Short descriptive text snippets
Start of Block

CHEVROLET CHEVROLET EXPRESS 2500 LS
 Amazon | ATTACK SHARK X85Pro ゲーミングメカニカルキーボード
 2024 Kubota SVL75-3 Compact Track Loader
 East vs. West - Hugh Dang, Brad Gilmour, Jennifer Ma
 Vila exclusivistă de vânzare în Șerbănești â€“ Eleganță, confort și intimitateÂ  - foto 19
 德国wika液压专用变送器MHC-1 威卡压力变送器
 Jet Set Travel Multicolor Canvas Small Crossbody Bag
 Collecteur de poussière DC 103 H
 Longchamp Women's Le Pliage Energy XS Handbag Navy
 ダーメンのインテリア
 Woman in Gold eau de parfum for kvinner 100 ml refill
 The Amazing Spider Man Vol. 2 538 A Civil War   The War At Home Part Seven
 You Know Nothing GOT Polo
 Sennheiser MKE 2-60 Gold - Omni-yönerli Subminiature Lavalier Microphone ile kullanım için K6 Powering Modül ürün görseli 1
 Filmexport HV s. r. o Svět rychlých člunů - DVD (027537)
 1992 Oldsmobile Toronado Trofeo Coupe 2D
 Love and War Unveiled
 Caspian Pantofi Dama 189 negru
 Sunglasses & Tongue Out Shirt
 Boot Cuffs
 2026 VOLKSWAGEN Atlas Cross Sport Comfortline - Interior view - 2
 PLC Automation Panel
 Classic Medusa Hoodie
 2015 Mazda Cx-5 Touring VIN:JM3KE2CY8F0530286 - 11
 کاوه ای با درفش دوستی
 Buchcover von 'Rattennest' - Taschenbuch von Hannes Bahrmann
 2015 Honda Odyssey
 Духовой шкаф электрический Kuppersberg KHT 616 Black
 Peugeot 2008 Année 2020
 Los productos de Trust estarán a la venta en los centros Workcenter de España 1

End of Block

• _What you will do_
Every entry should be output exactly as written, please.

• _Response for this exercise_
CHEVROLET CHEVROLET EXPRESS 2500 LS
 Amazon | ATTACK SHARK X85Pro ゲーミングメカニカルキーボード
 2024 Kubota SVL75-3 Compact Track Loader
 East vs. West - Hugh Dang, Brad Gilmour, Jennifer Ma
 Vila exclusivistă de vânzare în Șerbănești â€“ Eleganță, confort și intimitateÂ  - foto 19
 德国wika液压专用变送器MHC-1 威卡压力变送器
 Jet Set Travel Multicolor Canvas Small Crossbody Bag
 Collecteur de poussière DC 103 H
 Longchamp Women's Le Pliage Energy XS Handbag Navy
 ダーメンのインテリア
 Woman in Gold eau de parfum for kvinner 100 ml refill
 The Amazing Spider Man Vol. 2 538 A Civil War   The War At Home Part Seven
 You Know Nothing GOT Polo
 Sennheiser MKE 2-60 Gold - Omni-yönerli Subminiature Lavalier Microphone ile kullanım için K6 Powering Modül ürün görseli 1
 Filmexport HV s. r. o Svět rychlých člunů - DVD (027537)
 1992 Oldsmobile Toronado Trofeo Coupe 2D
 Love and War Unveiled
 Caspian Pantofi Dama 189 negru
 Sunglasses & Tongue Out Shirt
 Boot Cuffs
 2026 VOLKSWAGEN Atlas Cross Sport Comfortline - Interior view - 2
 PLC Automation Panel
 Classic Medusa Hoodie
 2015 Mazda Cx-5 Touring VIN:JM3KE2CY8F0530286 - 11
 کاوه ای با درفش دوستی
 Buchcover von 'Rattennest' - Taschenbuch von Hannes Bahrmann
 2015 Honda Odyssey
 Духовой шкаф электрический Kuppersberg KHT 616 Black
 Peugeot 2008 Année 2020
 Los productos de Trust estarán a la venta en los centros Workcenter de España 1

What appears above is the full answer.